Let $\Omega$ be a probability space with elements:
$\Omega = \{0,1,2,3\}$
Let $\mathbb{P}$ be a probability measure such that:
$\mathbb{P}(0) = \frac{1}{6}, \mathbb{P}(1) = \frac{1}{3}, \mathbb{P}(2) = \frac{1}{4}, \mathbb{P}(3) = \frac{1}{4}$
Finally, let X and Y be two random variables defined by:
$X(0) = 1, X(1) = 1, X(2) = -1, X(3) = -1$
$Y(0) = 1, Y(1) = -1, Y(2) = 1, Y(3) = -1$
Find $\mathbb{E}[Y|X]$.
Attempt At Solution
By the conditional expectation formula, we have:
$\mathbb{E}[Y|X] = \sum_{\omega \in \Omega} \frac{\mathbb{E}[Y\mathbb{1}_{X= \omega}]}{P(X= \omega)}$$\mathbb{1}_{X=\omega}$
But I'm not sure how to compute this sum?
Here, $X$ takes its values in $\{-1,+1\}$, so the sum in your formula should be on $\omega \in\{-1,+1\}$ (and $\omega$ is a very bad choice of notation).

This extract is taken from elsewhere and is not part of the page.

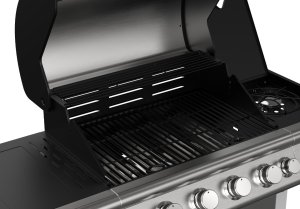 Heckermann Grill gazowy Heckermnn AG-SR4D-1SS 7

Actually, the idea behind the formula is that $E[Y\mid X]=f(X)$ where $f(x) = E[Y \mid X=x]$. Since $X$ takes its values in $\{-1,+1\}$, you just have to compute $f(1)$ and $f(-1)$, that is:
$$ f(1) = E[Y \mid X=1] =\frac{E[Y1_{X=1}]}{P(X=1)},\qquad f(-1)=\frac{E[Y1_{X=-1}]}{P(X=-1)} $$
Therefore, the correct formula is: $$ E[Y\mid X] = \frac{E[Y1_{X=1}]}{P(X=1)}1_{X=1} + \frac{E[Y1_{X=-1}]}{P(X=-1)}1_{X=-1} $$
Here is a model of the computations required to get $f(1)$. I leave the rest to you. $$ P(X=1) = P(0)+P(1)=\frac{1}{6}+\frac{1}{3} = \frac{1}{2}, $$ and $$ E[Y1_{X=1}] = 1\times P(0) + (-1) \times P(1) + 0\times P(2) + 0 \times P(3) = -\frac{1}{6} $$